INFORMATION PROVIDED:
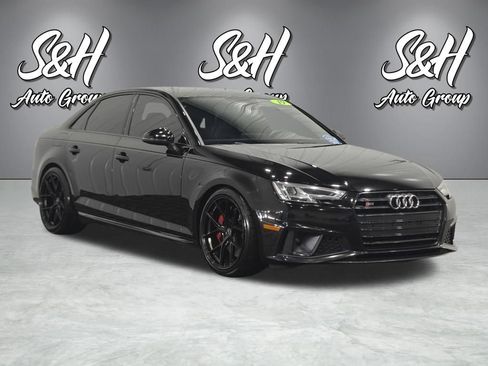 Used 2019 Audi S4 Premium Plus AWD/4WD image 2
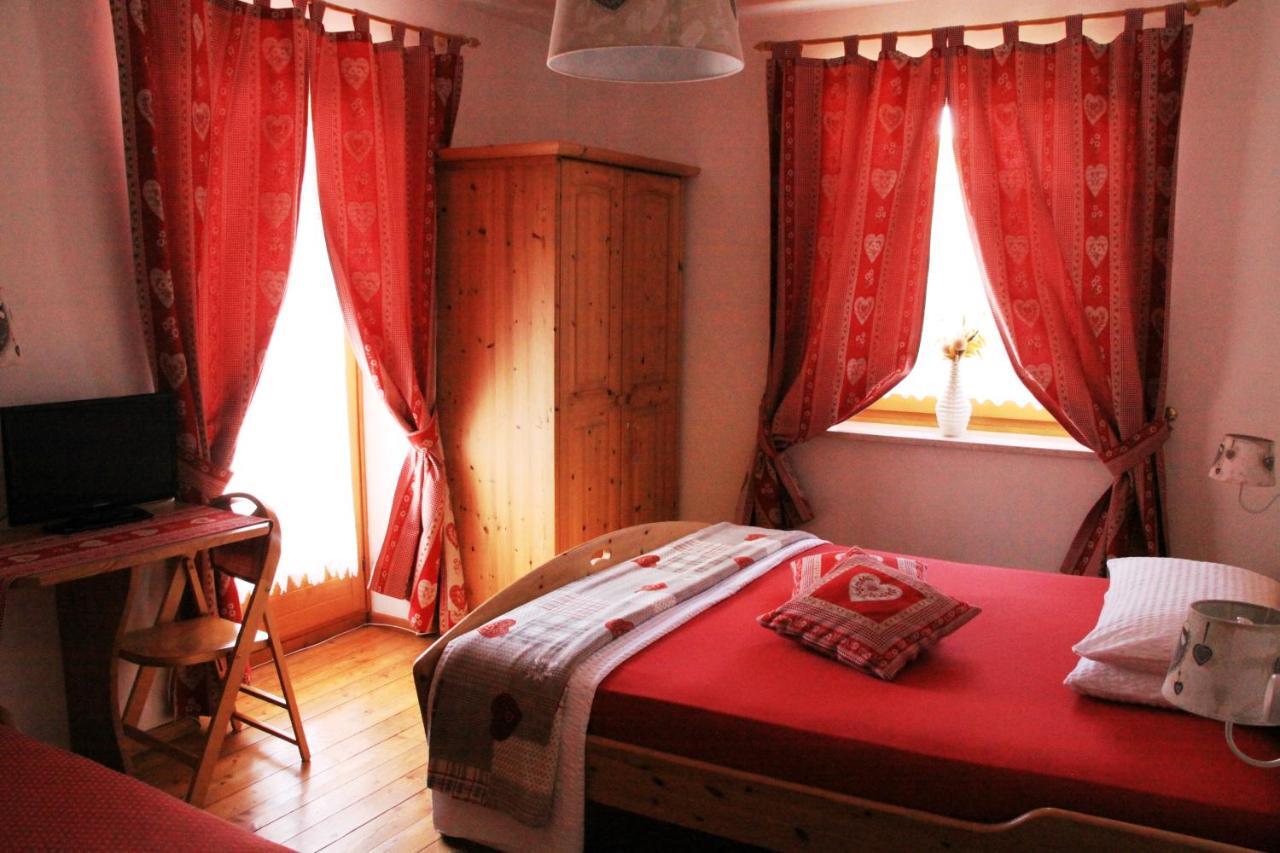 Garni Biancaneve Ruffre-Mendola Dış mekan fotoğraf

...

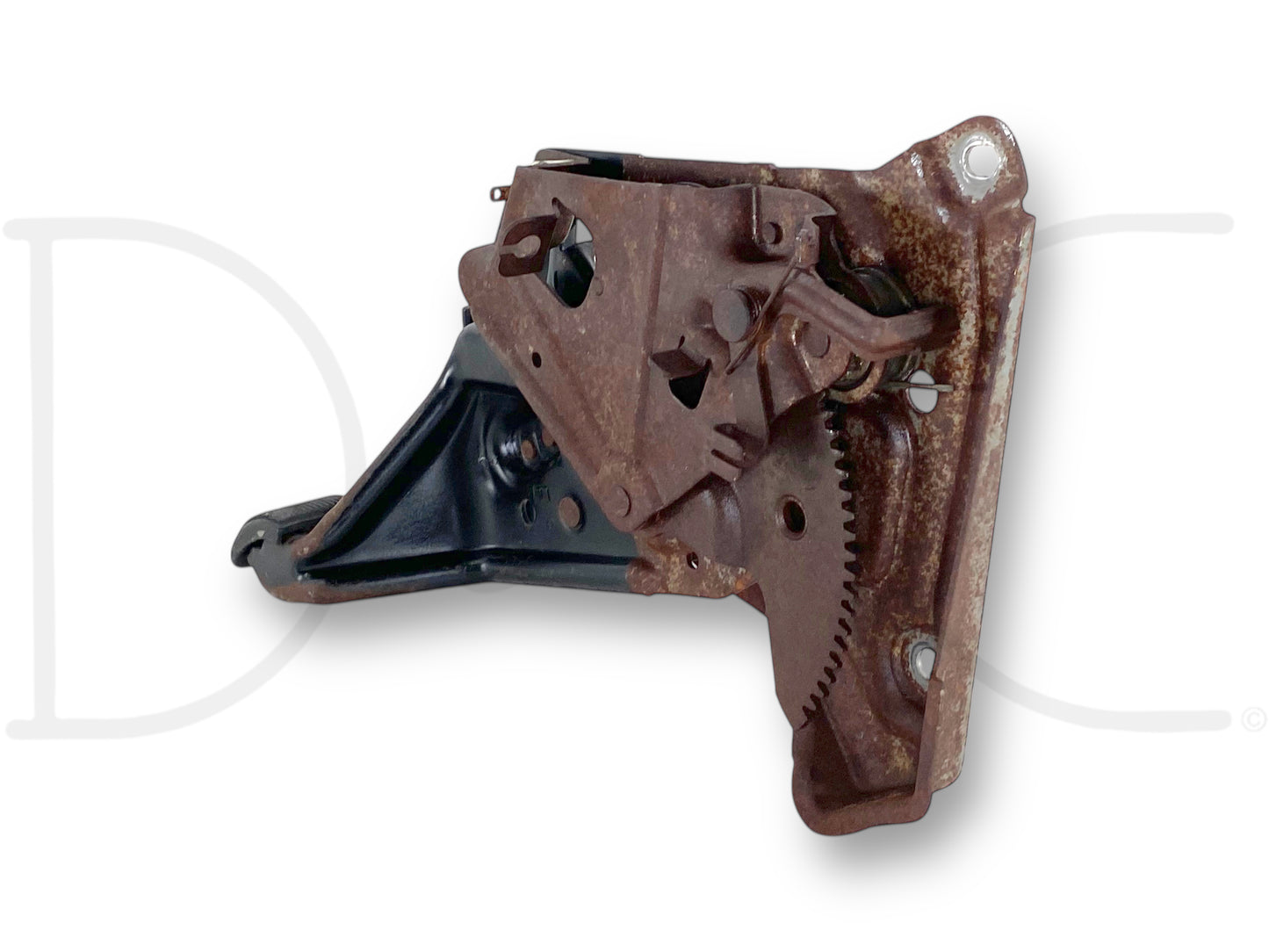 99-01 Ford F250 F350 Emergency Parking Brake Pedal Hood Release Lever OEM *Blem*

TASK OBJECTIVE: Beginning at the line above that contains "Used 2019 Audi" and going on through the line that contains "Garni Biancaneve Ruffre-Mendola", please copy every line exactly, leaving the pictures out and adding nothing.

ANSWER TO THIS EXERCISE:
 Used 2019 Audi S4 Premium Plus AWD/4WD image 2
 Garni Biancaneve Ruffre-Mendola Dış mekan fotoğraf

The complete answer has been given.